Well, after a little wrestling with my spirit, I began to listen to His voice and began to pray for God to soften my own heart. I asked God to help me extend to this man (forgiveness) what has been extended to me (forgiveness from the Father over and over and over again). Ken Sande says “to forgive someone means that I release him or her from liability to suffer punishment or penalty.” Lord knows that I wanted this man to suffer. He injured my wife’s heart by the things that he said. He made me mad that he had done this before to myself and to others. Wasn’t it time for him to pay? I realized then that forgiveness is a decision that I can choose to act upon or ignore.
The answer was clear. While the pastors/elders practiced godly church discipline on this man, I still needed to respond by forgiving this man and his wife, and help them to see the truth and help bring them into a right relationship with God: “Do not be overcome by evil, but overcome evil with good” (Rom. 12:21).
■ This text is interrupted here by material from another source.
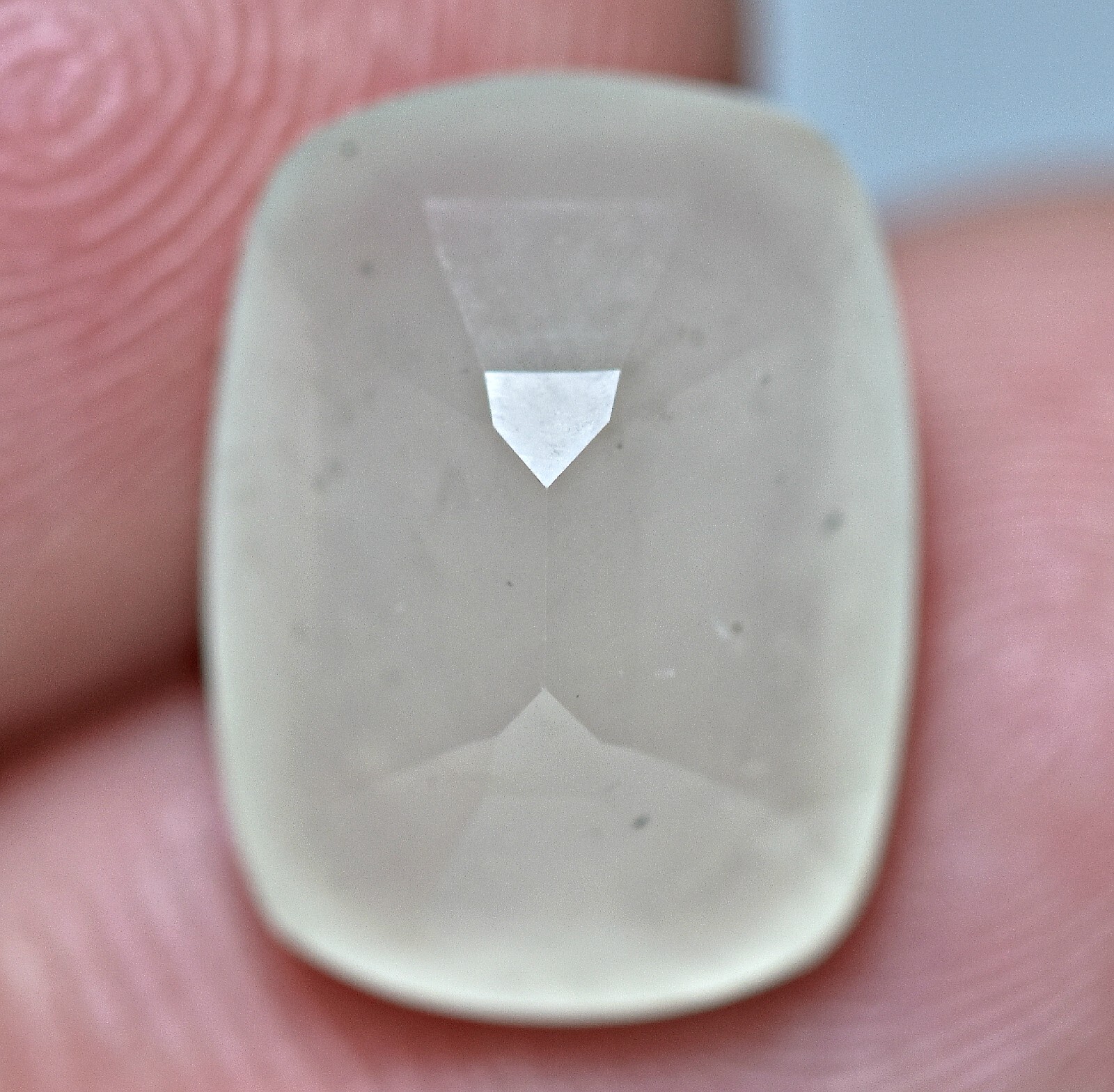 6.80 Carat Top Quality Faceted Rare White Grossular Cut Gem from Pakistan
If you are struggling with unforgiveness like I was, I suggest you take another look at the enormous debt for which God has forgiven you. Ask yourself whether you have ever treated God or others in the same way that you have been treated by the person who wronged you. Remind yourself what you deserve because of your sins, and then rejoice in the amazing promise of His Word: “The Lord is merciful and gracious, slow to anger and abounding in steadfast love. He will not always chide, nor will he keep his anger forever. He does not deal with us according to our sins, nor repay us according to our iniquities. For as high as the heavens are above the earth, so great is his steadfast love toward those who fear him; as far as the east is from the west, so far does he remove our transgressions from us” (Ps. 103: 8-11).